NEW YORK (AFP) — The New York Knicks staged the biggest comeback in National Basketball Association (NBA) Finals history on Wednesday as they erased a 29-point deficit to beat the San Antonio Spurs, 107-106, and now need one more win to seal the title.
OG Anunoby’s soft-as-silk tip-in basket with 1.2 seconds left sealed the thrilling victory to give the Knicks a 3-1 stranglehold on the best-of-seven championship series, which shifts back to San Antonio for Game 5 on Saturday.
Jalen Brunson scored 36 points and Anunoby added 33 for New York, putting in the game-winner off Brunson’s three-point attempt that struck the rim.
“Just do whatever it takes to win,” Anunoby said of the basket that sent a star-studded crowd at Madison Square Garden into a frenzy as it put the Knicks on the brink of their first title since 1973.
“I inbounded the ball to Jalen.

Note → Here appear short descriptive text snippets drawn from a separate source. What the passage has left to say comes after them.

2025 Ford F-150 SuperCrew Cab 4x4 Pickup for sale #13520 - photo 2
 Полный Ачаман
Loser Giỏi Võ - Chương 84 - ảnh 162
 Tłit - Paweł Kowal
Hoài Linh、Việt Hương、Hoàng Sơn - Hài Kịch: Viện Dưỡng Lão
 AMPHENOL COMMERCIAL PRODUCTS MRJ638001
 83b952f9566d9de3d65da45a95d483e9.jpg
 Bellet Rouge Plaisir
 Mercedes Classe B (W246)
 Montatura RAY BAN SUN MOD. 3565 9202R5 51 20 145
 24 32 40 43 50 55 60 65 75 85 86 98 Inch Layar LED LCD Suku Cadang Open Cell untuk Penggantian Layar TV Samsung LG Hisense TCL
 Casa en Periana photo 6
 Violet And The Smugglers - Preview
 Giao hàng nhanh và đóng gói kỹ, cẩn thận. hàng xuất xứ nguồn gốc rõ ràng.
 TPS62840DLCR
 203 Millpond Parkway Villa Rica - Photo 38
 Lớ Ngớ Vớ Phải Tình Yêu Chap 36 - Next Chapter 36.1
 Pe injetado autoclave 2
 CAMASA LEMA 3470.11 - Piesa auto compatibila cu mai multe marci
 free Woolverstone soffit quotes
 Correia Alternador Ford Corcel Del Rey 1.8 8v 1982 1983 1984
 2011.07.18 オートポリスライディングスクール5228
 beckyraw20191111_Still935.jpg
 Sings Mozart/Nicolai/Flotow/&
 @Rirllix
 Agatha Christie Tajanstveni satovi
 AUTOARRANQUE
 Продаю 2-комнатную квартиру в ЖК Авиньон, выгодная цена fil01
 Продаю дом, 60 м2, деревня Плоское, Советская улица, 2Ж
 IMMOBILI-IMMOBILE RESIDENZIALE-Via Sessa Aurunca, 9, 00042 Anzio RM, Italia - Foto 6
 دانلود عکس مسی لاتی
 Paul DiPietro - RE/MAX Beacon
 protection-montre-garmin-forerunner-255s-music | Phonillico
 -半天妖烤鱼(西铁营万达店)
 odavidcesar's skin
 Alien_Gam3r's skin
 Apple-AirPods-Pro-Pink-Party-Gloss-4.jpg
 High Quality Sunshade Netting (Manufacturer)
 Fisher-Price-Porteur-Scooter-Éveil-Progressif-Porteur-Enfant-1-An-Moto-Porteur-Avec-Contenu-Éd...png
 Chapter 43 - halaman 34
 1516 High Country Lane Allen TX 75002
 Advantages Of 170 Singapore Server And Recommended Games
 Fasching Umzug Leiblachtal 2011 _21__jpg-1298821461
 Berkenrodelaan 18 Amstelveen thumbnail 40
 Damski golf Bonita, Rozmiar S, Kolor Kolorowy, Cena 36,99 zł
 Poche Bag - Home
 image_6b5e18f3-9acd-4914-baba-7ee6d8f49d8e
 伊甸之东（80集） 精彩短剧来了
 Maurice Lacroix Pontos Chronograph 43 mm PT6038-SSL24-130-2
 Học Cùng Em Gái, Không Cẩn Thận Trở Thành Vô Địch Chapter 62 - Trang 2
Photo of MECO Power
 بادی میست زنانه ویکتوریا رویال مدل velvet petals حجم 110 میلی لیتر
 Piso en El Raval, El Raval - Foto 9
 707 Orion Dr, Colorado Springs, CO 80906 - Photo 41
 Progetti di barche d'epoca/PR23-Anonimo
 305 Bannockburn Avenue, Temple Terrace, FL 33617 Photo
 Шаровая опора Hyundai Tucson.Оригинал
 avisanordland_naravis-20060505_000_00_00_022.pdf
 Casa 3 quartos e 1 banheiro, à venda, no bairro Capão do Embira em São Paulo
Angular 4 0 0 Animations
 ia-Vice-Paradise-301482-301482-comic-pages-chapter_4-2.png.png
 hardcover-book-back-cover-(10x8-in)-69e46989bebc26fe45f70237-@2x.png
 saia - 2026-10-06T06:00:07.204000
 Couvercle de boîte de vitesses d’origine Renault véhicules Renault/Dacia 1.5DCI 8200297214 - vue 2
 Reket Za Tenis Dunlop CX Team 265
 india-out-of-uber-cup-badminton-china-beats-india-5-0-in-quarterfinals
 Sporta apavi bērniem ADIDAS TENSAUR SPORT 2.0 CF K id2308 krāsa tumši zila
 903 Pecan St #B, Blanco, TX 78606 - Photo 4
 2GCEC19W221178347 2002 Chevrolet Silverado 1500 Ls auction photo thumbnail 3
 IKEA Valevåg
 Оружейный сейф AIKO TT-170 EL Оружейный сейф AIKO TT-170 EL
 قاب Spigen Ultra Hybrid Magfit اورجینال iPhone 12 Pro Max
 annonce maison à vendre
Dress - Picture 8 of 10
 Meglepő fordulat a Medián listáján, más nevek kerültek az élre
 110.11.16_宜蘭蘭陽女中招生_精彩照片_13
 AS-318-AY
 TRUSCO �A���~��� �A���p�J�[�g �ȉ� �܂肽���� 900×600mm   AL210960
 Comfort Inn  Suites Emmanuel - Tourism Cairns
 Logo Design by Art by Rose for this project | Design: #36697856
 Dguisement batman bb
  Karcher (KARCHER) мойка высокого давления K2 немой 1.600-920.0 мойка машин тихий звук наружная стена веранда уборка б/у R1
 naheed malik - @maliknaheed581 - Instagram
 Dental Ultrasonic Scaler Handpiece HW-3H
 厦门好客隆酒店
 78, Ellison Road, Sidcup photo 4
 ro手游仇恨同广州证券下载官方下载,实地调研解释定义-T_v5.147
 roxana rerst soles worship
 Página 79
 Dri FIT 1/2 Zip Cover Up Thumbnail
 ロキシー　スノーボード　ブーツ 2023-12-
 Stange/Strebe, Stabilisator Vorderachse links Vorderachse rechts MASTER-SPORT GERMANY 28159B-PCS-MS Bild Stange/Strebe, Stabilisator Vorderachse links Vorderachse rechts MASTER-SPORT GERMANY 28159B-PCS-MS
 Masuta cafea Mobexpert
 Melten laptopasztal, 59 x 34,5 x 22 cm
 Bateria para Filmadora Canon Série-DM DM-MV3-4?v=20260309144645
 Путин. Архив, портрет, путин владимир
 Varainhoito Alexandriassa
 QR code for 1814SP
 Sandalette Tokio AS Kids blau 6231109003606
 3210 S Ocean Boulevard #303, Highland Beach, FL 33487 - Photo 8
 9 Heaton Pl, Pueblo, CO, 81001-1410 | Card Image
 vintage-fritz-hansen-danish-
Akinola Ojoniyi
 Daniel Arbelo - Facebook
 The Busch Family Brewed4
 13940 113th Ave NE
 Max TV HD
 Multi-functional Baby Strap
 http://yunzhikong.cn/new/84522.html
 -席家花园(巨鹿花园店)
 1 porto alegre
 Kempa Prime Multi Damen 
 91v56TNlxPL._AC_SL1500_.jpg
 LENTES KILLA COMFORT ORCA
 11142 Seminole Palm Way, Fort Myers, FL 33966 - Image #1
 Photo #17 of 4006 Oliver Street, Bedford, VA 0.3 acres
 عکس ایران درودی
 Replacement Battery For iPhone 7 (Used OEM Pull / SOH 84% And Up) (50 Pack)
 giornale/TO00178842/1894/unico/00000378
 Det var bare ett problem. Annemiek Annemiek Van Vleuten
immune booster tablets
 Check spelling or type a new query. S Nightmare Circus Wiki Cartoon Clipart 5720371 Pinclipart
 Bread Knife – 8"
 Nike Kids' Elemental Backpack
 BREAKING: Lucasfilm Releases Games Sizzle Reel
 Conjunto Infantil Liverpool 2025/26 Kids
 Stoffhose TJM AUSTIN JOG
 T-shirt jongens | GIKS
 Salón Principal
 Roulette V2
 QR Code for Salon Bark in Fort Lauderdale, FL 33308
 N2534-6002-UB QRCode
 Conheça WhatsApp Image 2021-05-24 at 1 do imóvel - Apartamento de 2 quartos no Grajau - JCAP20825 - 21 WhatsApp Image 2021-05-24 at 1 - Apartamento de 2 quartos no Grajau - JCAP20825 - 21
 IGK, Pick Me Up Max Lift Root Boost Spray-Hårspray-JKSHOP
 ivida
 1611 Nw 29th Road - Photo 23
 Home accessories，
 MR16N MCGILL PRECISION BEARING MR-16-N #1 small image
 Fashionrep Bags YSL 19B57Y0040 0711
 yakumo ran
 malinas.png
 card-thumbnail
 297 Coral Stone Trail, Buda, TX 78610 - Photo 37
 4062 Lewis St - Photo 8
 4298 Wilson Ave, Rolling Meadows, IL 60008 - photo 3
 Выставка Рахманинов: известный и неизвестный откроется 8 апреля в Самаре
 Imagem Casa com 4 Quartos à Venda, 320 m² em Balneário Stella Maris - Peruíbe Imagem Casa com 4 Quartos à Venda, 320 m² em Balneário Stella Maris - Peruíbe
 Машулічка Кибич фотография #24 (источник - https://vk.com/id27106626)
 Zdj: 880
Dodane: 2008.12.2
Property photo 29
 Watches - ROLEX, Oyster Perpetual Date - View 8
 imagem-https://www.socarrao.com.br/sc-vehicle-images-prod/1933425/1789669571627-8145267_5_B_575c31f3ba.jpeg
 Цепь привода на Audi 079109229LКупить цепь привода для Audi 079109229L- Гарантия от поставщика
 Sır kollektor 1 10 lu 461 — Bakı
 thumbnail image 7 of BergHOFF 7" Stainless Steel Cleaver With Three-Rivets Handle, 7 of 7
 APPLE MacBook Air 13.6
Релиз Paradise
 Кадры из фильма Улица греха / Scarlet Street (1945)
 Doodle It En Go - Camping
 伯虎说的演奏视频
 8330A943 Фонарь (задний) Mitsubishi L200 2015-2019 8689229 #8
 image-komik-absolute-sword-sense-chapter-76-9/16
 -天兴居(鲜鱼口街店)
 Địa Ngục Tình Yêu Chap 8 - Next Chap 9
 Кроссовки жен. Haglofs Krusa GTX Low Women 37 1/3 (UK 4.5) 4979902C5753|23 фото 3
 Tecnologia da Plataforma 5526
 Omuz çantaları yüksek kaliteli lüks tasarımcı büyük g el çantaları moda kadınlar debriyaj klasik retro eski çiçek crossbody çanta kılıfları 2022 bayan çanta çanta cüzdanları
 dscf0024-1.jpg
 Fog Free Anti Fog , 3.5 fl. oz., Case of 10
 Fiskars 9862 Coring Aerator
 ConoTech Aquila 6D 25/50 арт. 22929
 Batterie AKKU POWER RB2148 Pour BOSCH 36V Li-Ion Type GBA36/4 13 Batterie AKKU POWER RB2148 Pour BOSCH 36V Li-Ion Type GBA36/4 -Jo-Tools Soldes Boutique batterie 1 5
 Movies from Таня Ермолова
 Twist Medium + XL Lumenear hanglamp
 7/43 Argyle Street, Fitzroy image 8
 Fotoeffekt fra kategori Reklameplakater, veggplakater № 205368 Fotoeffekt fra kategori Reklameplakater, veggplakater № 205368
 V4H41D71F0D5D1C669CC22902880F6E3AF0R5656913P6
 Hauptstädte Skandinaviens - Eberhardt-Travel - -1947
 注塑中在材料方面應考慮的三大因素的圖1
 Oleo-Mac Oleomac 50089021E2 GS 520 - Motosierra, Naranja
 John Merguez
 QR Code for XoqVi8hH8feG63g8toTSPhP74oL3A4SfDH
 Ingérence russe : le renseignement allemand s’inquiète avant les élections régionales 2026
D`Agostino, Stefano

He got a pretty good look and I just went and crashed. The ball went over my head, so I couldn’t really dunk it. So I tried to tip it in softly and it went in.”
Spurs star Victor Wembanyama scored 24 points and pulled down 13 rebounds.
Dylan Harper added 21 points and De’Aaron Fox and Devin Vassell had 18 apiece for San Antonio, who set a Finals record with 14 three-pointers in the first half but couldn’t make their massive lead stick.
Brunson put New York in front for the first time with a floater that made it 105-104 with 1:22 remaining.
San Antonio’s Stephon Castle made a pair of free throws but the Knicks came through, Anunoby rising highest from a scrum of Spurs defenders to clinch the win.
The previous biggest comeback in the Finals was 24 points, by the Boston Celtics against the Los Angeles Lakers in 2008.
“I can’t really explain it right now,” Wembanyama said of the Spurs’ collapse after their own epic start.
“I don’t know. I think it’s just execution, greediness of some sort. We clearly weren’t the most hungry in the second half.”
The Spurs, who dropped the first two games at home but then ended the Knicks’ 13-game winning streak on Monday, came out swinging, connecting on 15 of 23 shots on the way to 41 points in the first quarter.
New York made just 29.4 percent of their shots in a first period that saw Karl-Anthony Towns pick up two early fouls and reserve Mitchell Robinson called for a flagrant foul after a frustrated forearm to Wembanyama’s throat.
Brunson, hounded mercilessly by the Spurs, didn’t make a basket until the second quarter.